REQUIRED ACTION: Please return every line in the entries below with the word "blood" in it.

[Opening EXERCISE MATERIAL section]

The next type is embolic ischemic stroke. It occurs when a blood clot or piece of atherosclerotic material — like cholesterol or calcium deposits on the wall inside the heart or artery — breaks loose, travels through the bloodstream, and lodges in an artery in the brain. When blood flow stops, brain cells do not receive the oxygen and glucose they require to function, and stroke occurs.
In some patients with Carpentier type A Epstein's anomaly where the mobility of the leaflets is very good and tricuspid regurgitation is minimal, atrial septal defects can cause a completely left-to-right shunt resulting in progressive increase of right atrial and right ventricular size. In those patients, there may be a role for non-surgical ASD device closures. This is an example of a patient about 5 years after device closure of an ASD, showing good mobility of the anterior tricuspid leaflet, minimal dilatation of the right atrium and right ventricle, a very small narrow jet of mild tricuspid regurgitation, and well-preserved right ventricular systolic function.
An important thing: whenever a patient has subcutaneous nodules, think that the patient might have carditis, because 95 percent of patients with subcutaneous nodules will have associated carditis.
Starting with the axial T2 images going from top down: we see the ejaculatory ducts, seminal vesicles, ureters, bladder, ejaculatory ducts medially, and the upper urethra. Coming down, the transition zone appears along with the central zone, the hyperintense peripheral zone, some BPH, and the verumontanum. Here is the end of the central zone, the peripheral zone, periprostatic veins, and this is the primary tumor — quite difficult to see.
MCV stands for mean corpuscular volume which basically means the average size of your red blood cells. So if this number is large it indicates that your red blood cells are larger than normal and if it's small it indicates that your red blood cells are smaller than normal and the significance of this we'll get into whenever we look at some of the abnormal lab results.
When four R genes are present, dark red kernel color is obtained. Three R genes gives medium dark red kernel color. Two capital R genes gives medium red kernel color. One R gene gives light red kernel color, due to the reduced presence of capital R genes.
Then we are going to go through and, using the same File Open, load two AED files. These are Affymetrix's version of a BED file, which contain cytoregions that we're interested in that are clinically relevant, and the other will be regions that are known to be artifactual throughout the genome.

[Closing EXERCISE MATERIAL section]
[Opening EXERCISE MATERIAL section]

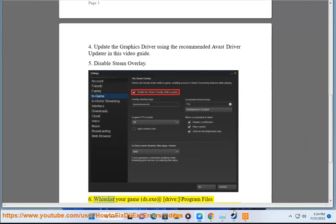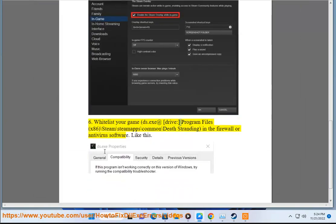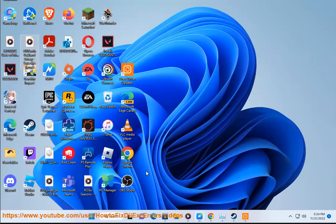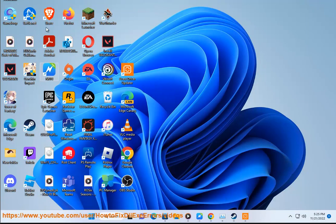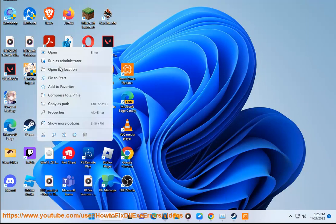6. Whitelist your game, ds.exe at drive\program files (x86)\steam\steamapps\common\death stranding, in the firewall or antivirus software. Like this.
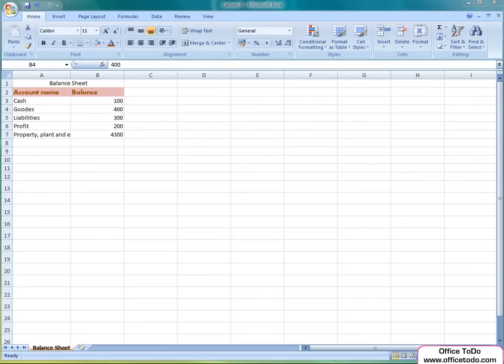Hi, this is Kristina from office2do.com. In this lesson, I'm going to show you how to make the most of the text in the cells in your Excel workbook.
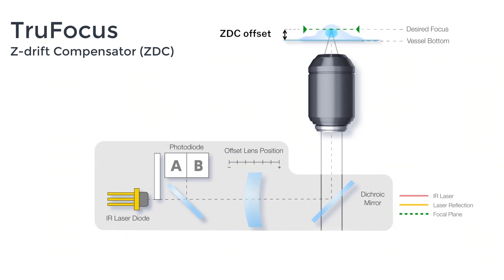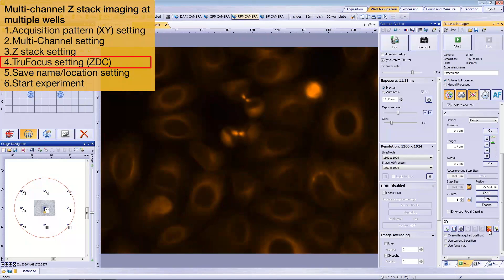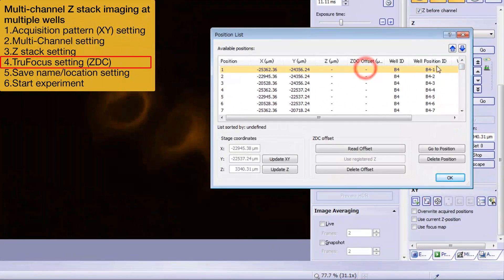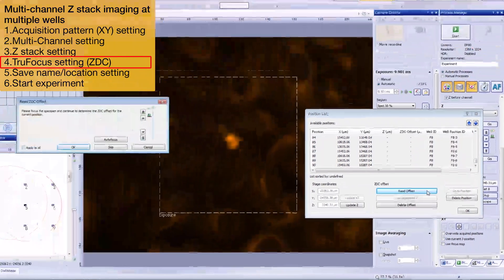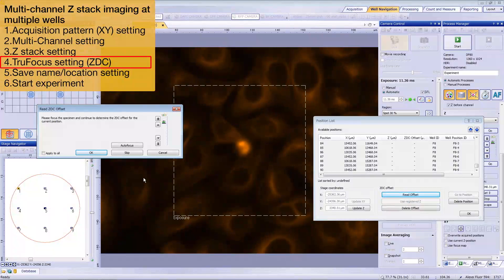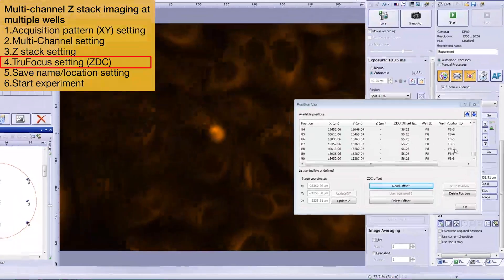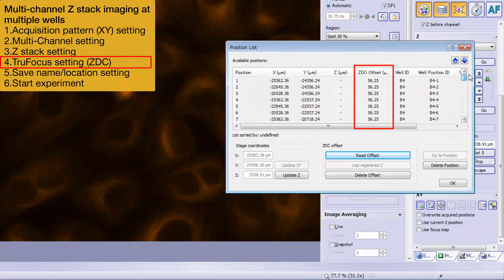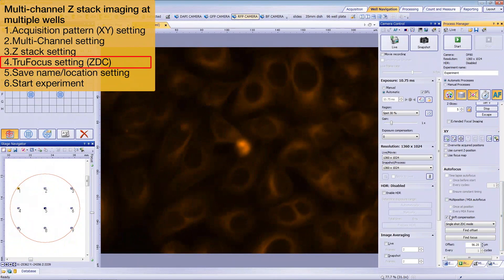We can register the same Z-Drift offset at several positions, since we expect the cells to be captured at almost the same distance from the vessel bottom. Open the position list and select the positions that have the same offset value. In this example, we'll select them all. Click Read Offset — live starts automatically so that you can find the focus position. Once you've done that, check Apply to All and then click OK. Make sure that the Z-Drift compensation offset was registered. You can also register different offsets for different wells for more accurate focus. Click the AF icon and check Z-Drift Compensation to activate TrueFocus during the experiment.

[Closing EXERCISE MATERIAL section]

RESPONSE TO THE TASK:
The next type is embolic ischemic stroke. It occurs when a blood clot or piece of atherosclerotic material — like cholesterol or calcium deposits on the wall inside the heart or artery — breaks loose, travels through the bloodstream, and lodges in an artery in the brain. When blood flow stops, brain cells do not receive the oxygen and glucose they require to function, and stroke occurs.
MCV stands for mean corpuscular volume which basically means the average size of your red blood cells. So if this number is large it indicates that your red blood cells are larger than normal and if it's small it indicates that your red blood cells are smaller than normal and the significance of this we'll get into whenever we look at some of the abnormal lab results.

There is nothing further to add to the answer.